▶ _Instructions for the task_:
Would you reproduce exactly the lines below from the one holding "Garland, Texas Taco" through the one holding "All the ten", inclusive, and no others?

*** Source records Section Begins ***

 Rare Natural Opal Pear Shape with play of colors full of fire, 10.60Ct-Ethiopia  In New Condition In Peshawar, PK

*** Source records Section Ends ***
*** Source records Section Begins ***

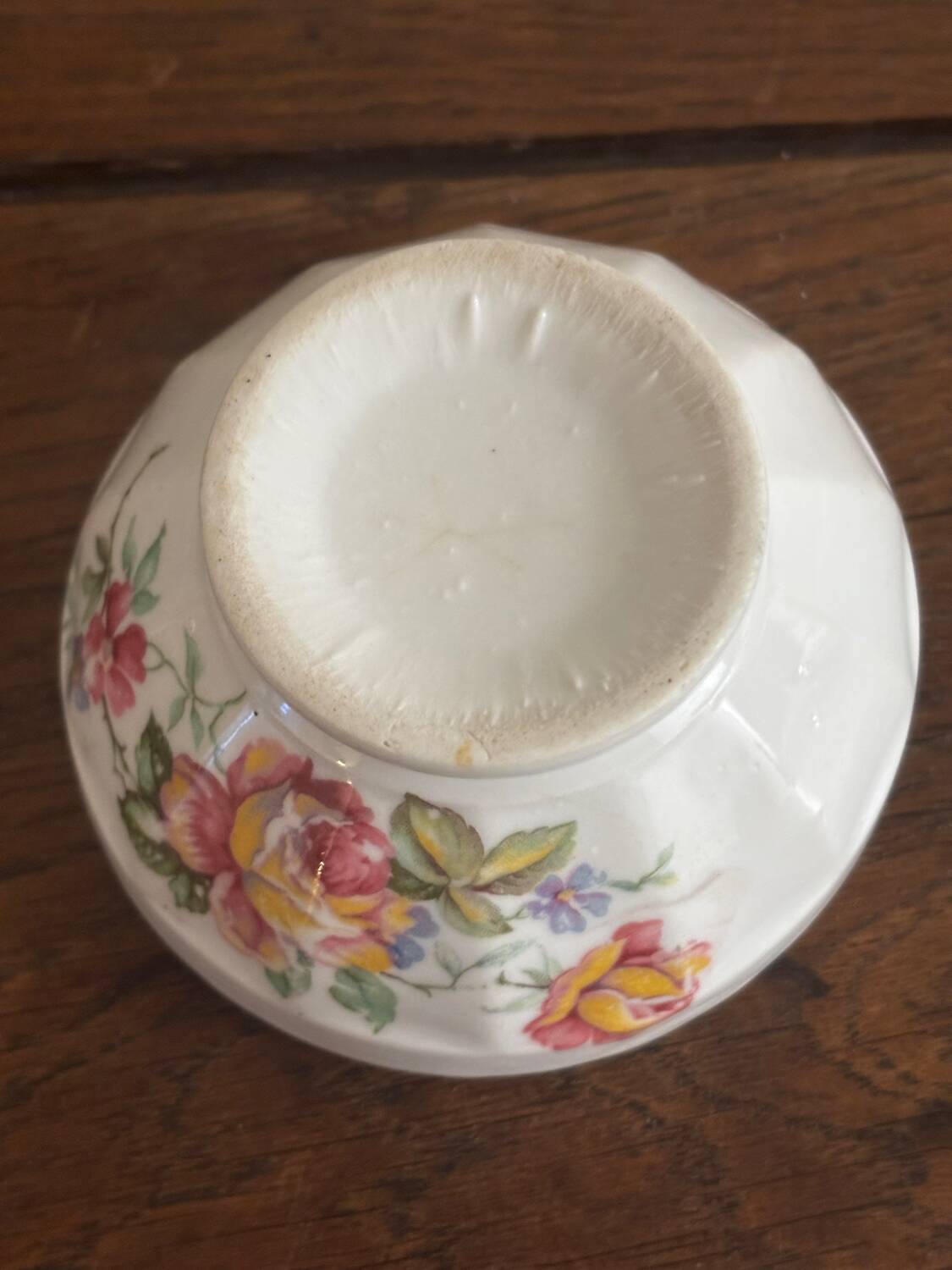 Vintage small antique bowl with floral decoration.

*** Source records Section Ends ***
*** Source records Section Begins ***

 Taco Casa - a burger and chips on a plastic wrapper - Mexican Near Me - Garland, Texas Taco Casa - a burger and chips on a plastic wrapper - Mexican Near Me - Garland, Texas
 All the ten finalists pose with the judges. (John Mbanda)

*** Source records Section Ends ***

▶ _Task result_:
 Taco Casa - a burger and chips on a plastic wrapper - Mexican Near Me - Garland, Texas Taco Casa - a burger and chips on a plastic wrapper - Mexican Near Me - Garland, Texas
 All the ten finalists pose with the judges. (John Mbanda)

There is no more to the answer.